- Data provided -
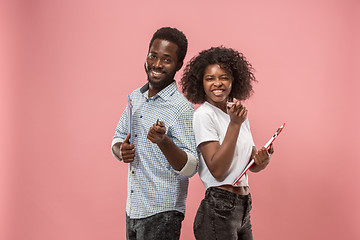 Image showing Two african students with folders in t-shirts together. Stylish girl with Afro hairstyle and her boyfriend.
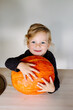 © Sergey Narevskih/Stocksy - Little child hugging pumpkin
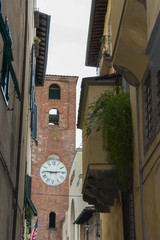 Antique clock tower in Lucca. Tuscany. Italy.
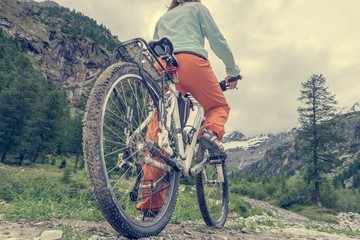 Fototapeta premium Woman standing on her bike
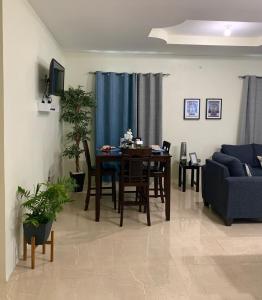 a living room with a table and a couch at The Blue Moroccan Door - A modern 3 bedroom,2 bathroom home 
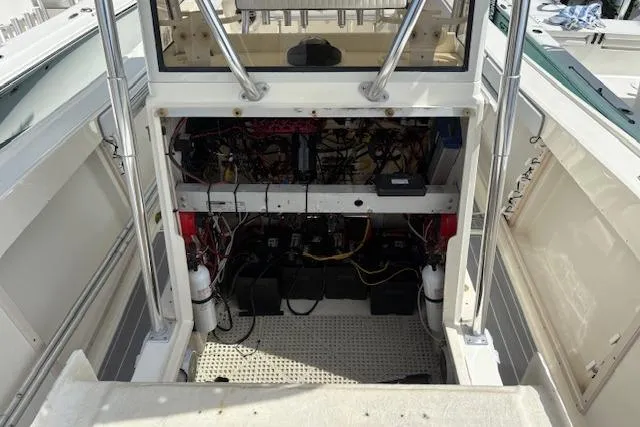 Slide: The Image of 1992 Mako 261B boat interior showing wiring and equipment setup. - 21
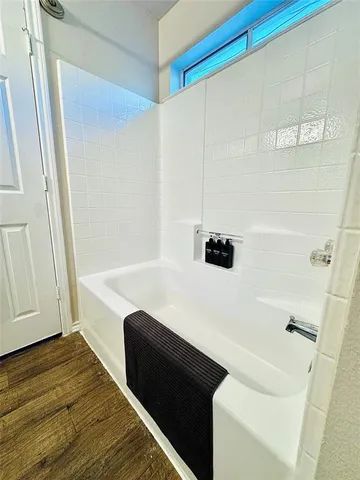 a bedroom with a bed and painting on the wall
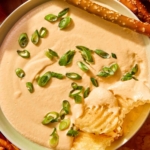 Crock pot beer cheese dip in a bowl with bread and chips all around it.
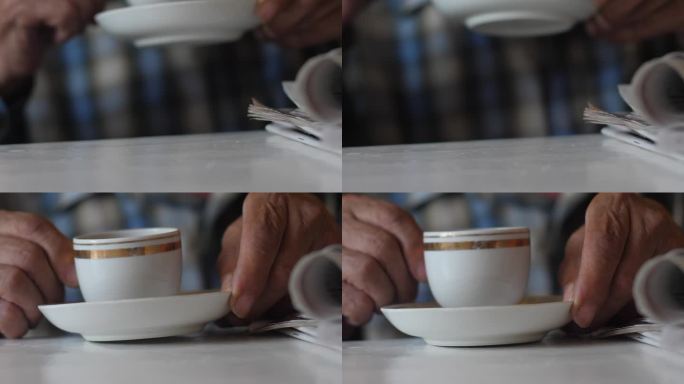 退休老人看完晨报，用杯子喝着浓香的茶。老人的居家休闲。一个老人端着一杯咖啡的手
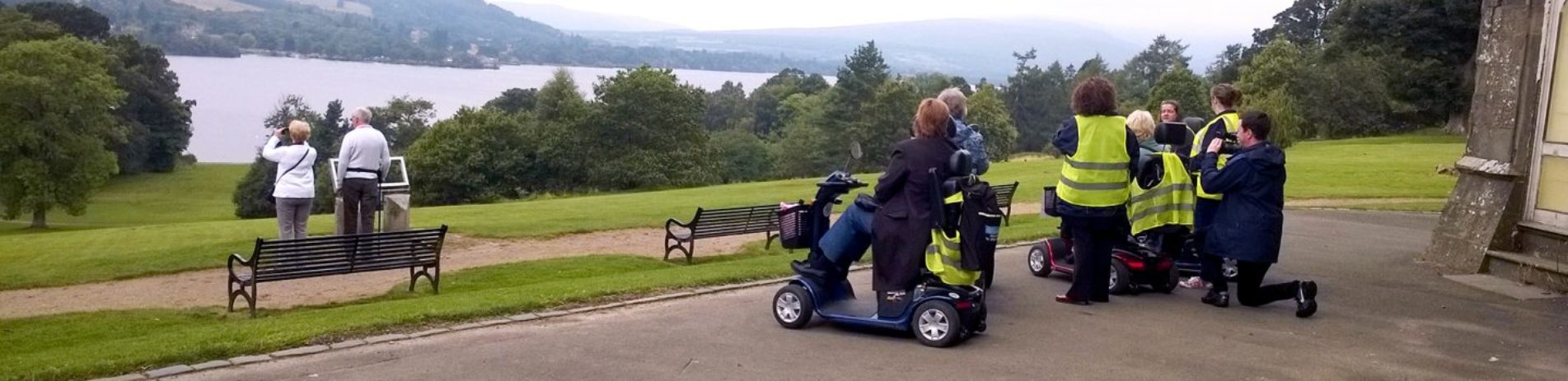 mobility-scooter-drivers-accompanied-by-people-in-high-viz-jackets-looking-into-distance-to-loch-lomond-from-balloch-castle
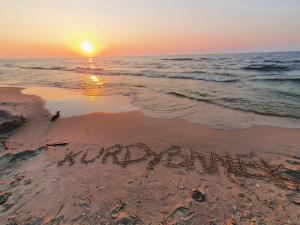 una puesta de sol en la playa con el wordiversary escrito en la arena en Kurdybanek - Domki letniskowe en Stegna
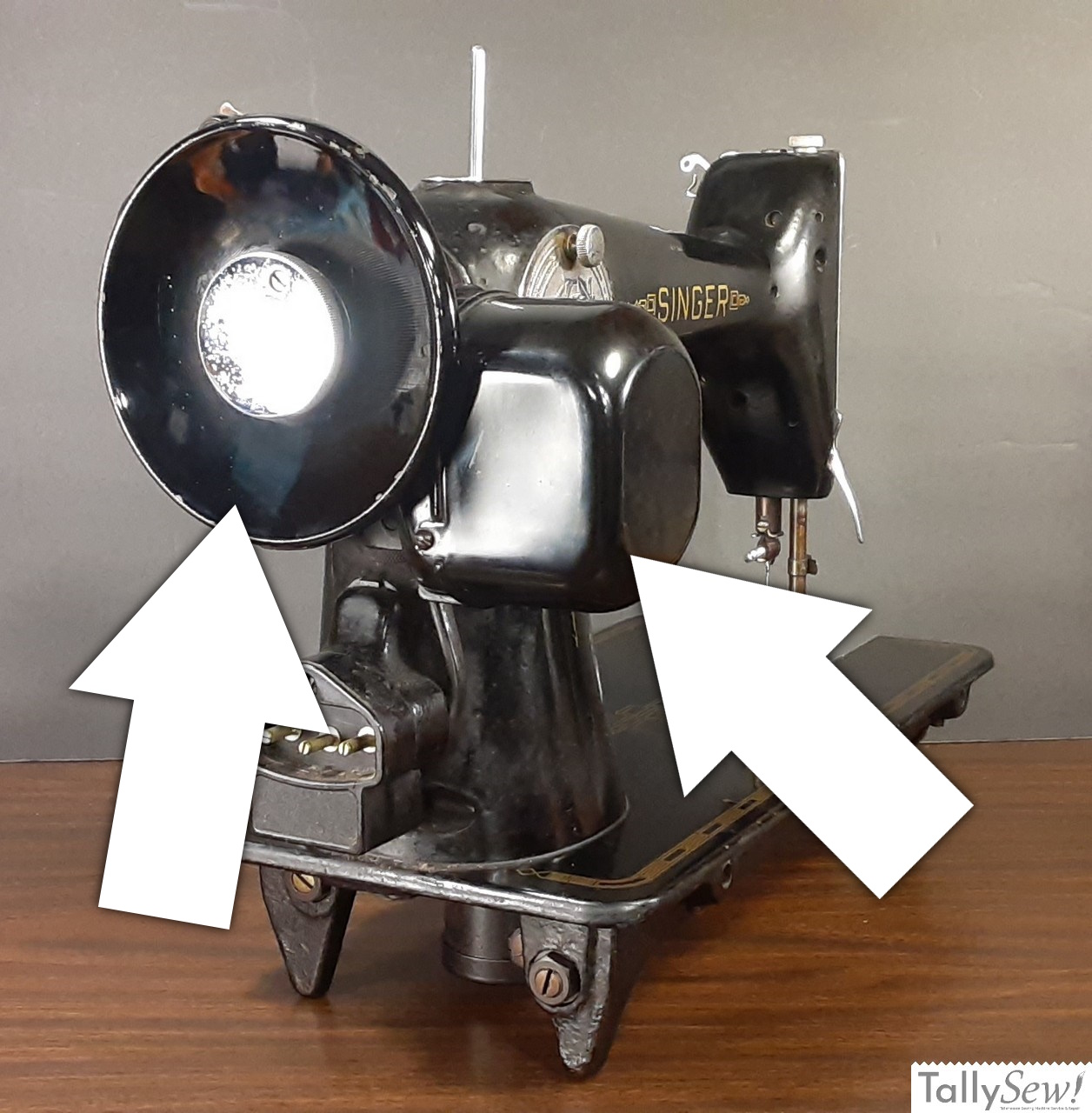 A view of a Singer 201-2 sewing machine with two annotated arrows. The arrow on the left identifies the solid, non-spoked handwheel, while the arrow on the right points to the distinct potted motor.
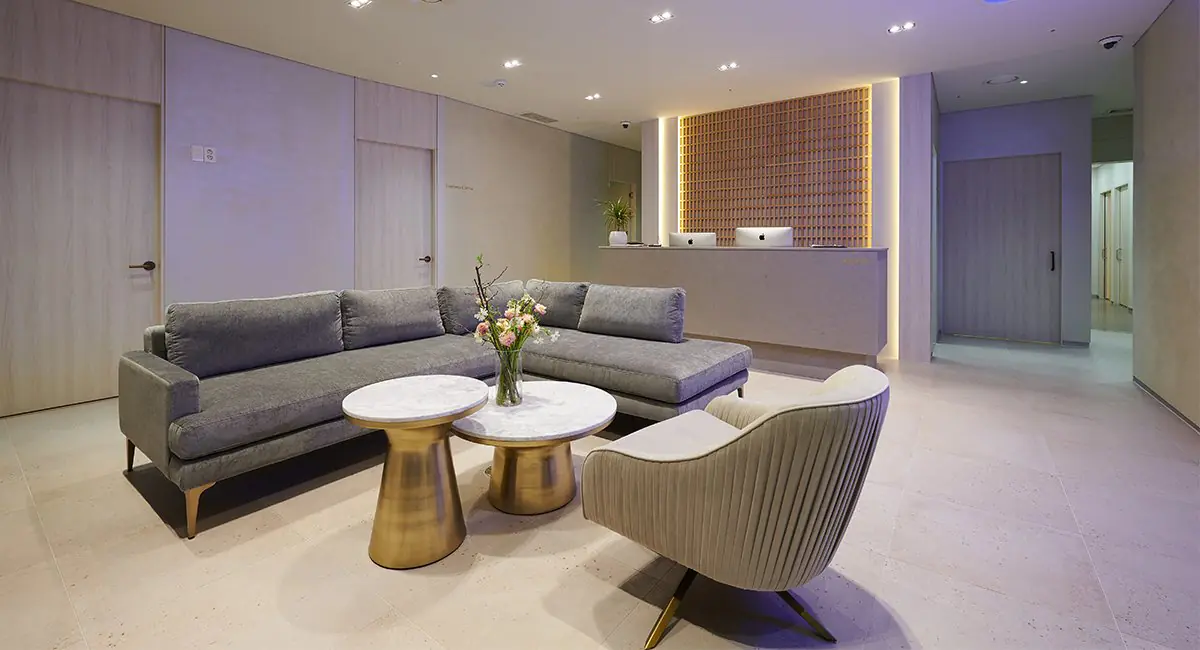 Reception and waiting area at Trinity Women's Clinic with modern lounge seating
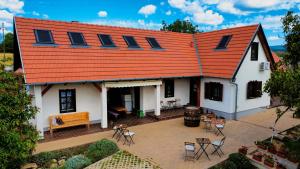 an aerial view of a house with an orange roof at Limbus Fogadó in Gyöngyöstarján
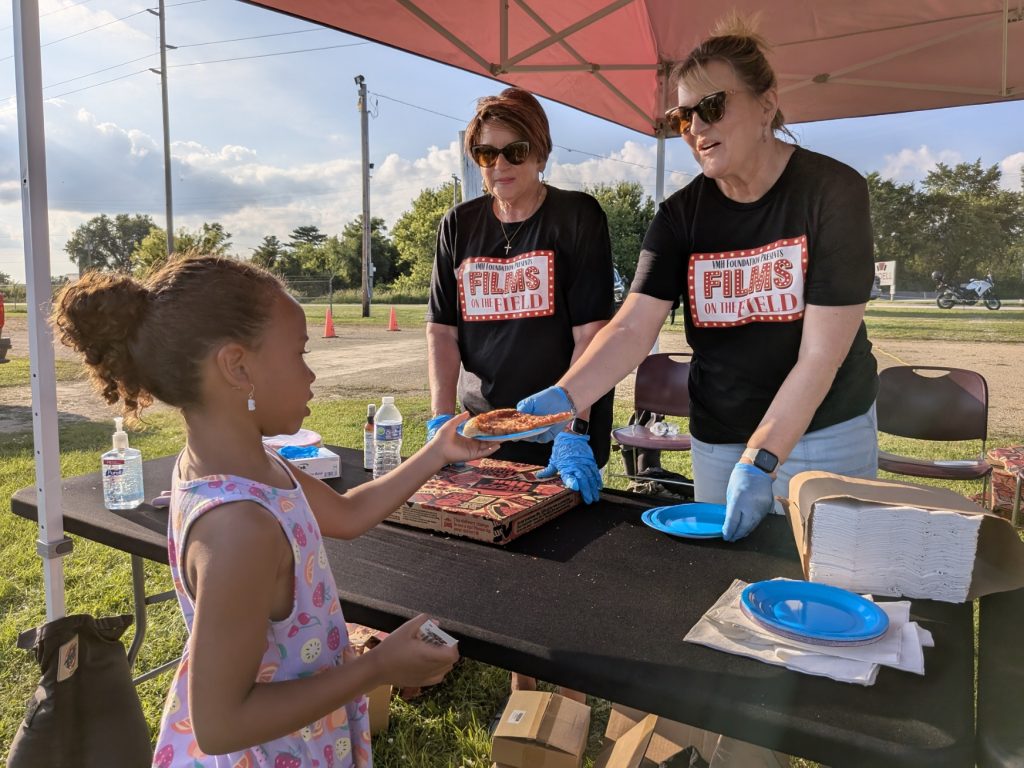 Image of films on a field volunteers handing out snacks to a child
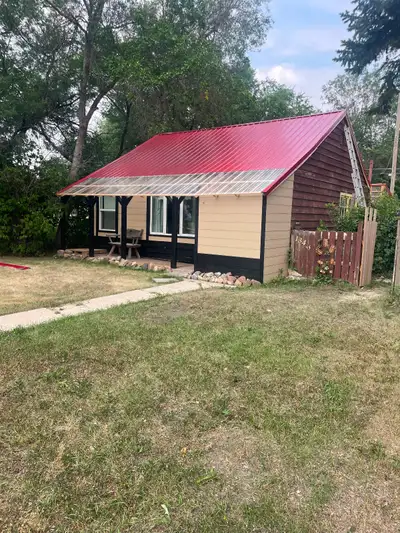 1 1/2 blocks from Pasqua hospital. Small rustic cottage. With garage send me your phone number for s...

- Exercise objective -
Give back an exact repeat of the lines from the top of the data through the line that holds "Fototapeta premium Woman", both included, and omit pictures.

- Completed exercise -
 Image showing Two african students with folders in t-shirts together. Stylish girl with Afro hairstyle and her boyfriend.
 © Sergey Narevskih/Stocksy - Little child hugging pumpkin
 Antique clock tower in Lucca. Tuscany. Italy.
 Fototapeta premium Woman standing on her bike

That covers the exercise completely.